■ **Exercise details**
In the data below, begin at the line with "The image shows" and stop after the line with "Murphy Home Furnishing)"; output those lines exactly and no pictures.

[Records from a data source]
------

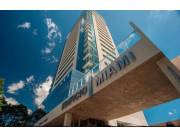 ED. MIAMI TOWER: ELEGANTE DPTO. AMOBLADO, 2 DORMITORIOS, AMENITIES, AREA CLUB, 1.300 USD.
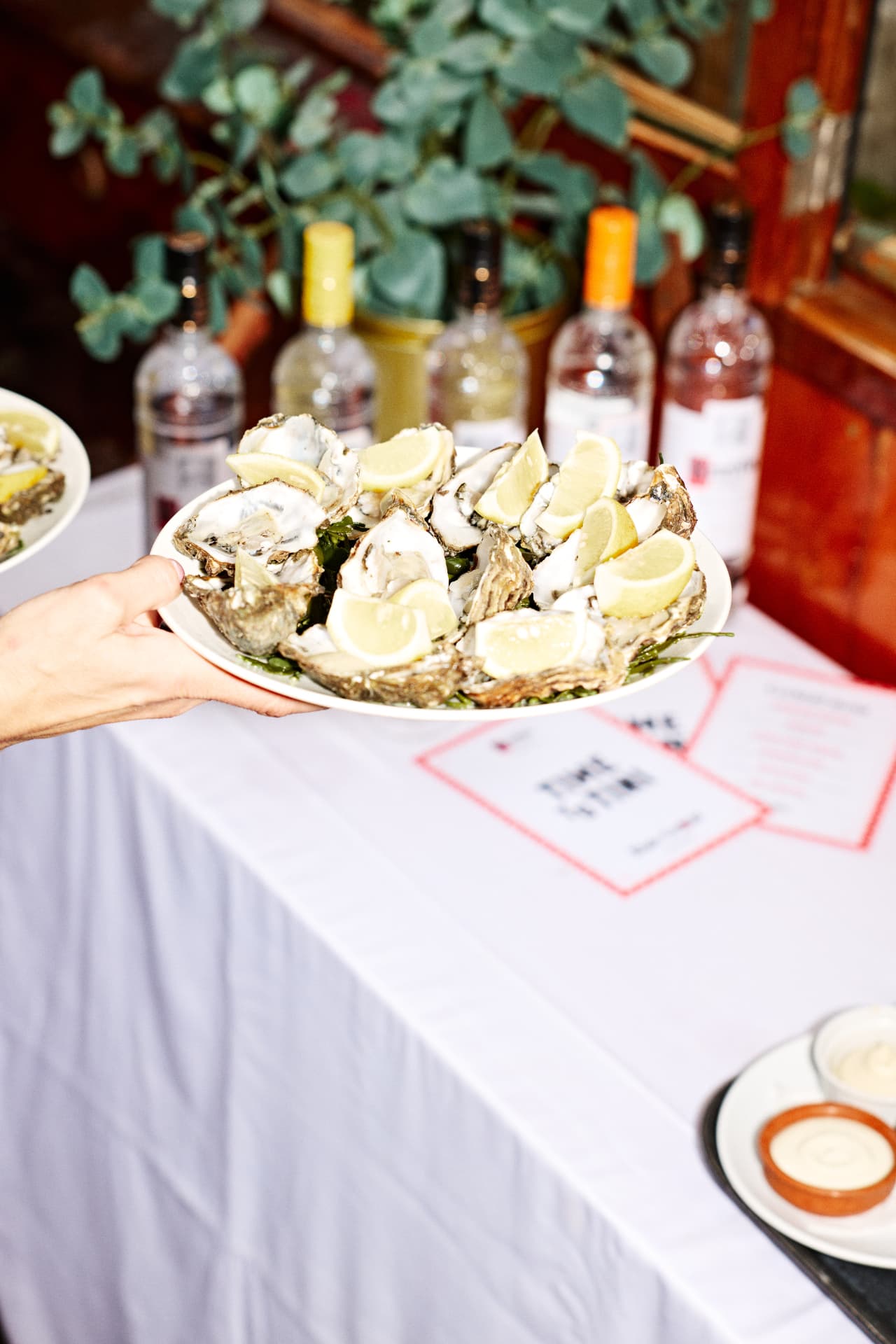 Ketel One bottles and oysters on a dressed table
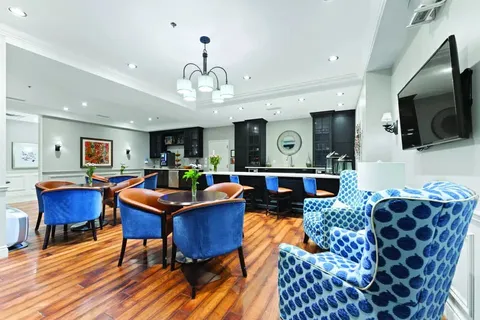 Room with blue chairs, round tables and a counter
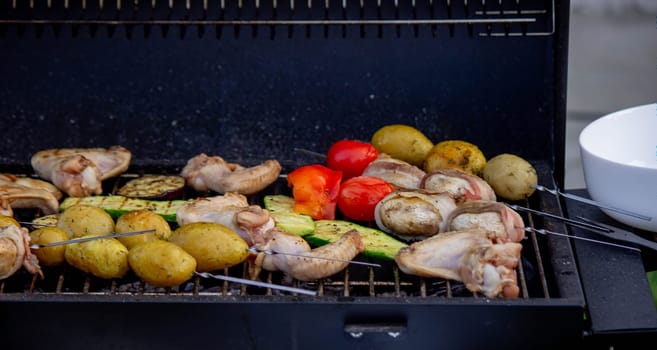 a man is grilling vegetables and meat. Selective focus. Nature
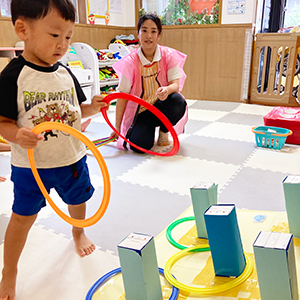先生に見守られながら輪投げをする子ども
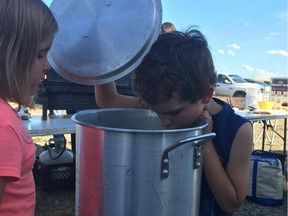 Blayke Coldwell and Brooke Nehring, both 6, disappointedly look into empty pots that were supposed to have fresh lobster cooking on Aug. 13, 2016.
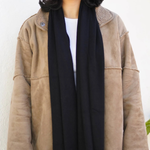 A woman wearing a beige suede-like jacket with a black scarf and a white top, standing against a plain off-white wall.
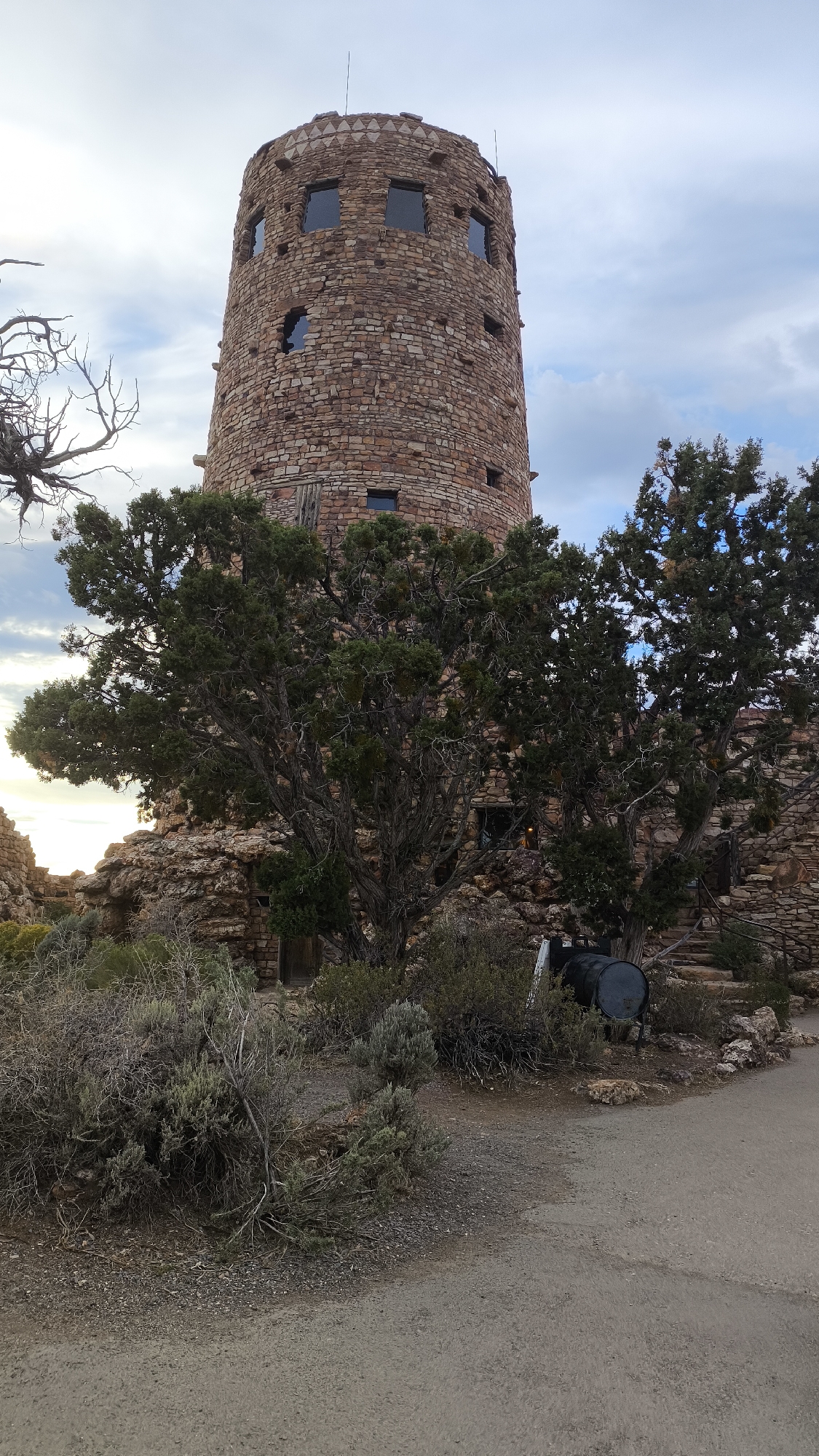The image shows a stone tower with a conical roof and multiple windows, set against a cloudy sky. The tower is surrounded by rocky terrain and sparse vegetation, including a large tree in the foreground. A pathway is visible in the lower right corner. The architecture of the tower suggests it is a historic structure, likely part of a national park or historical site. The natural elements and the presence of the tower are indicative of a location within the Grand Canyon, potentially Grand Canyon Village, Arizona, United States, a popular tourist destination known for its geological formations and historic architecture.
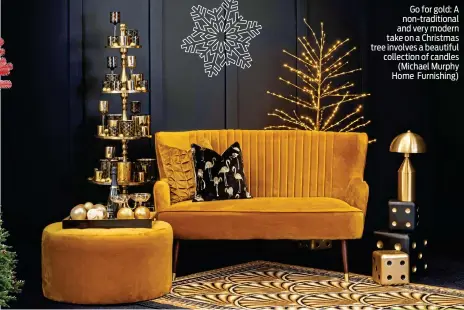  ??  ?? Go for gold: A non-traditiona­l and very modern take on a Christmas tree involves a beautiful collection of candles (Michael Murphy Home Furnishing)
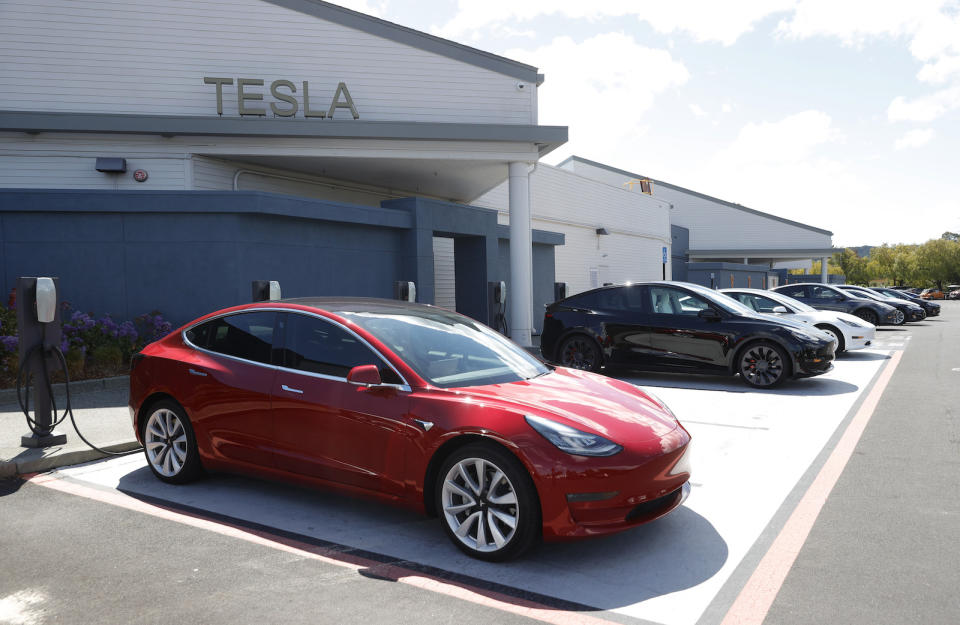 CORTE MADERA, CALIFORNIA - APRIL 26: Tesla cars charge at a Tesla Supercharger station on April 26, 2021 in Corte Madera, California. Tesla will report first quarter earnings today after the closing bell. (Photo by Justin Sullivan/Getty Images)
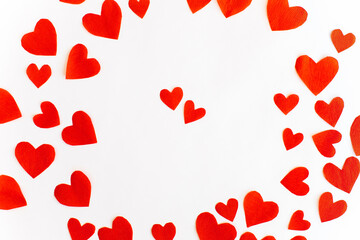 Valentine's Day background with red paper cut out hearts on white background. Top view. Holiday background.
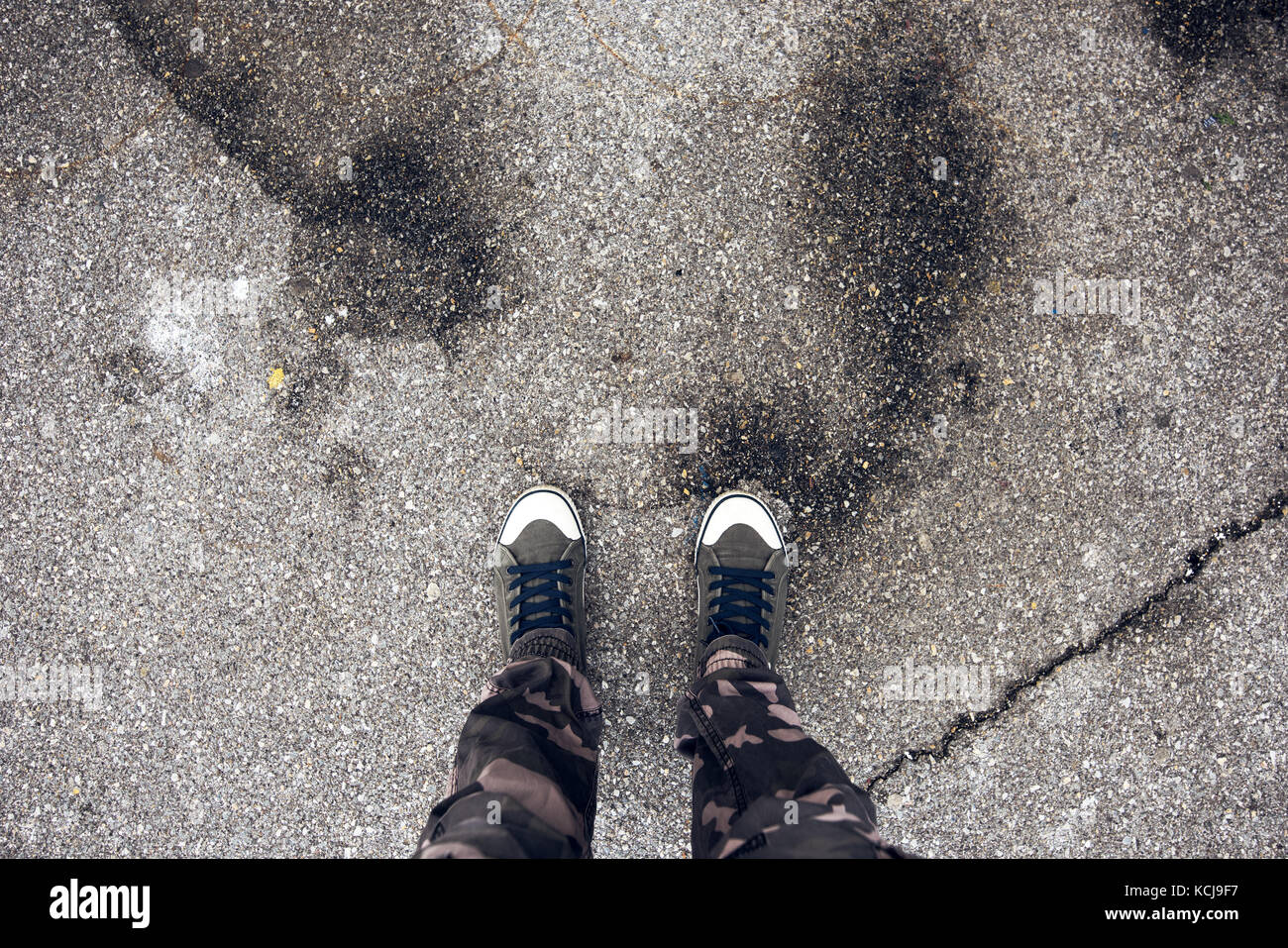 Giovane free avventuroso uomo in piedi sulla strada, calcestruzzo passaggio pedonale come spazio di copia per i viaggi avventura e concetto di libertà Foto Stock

------

■ **Answer box**
The image shows a stone tower with a conical roof and multiple windows, set against a cloudy sky. The tower is surrounded by rocky terrain and sparse vegetation, including a large tree in the foreground. A pathway is visible in the lower right corner. The architecture of the tower suggests it is a historic structure, likely part of a national park or historical site. The natural elements and the presence of the tower are indicative of a location within the Grand Canyon, potentially Grand Canyon Village, Arizona, United States, a popular tourist destination known for its geological formations and historic architecture.
  ??  ?? Go for gold: A non-traditiona­l and very modern take on a Christmas tree involves a beautiful collection of candles (Michael Murphy Home Furnishing)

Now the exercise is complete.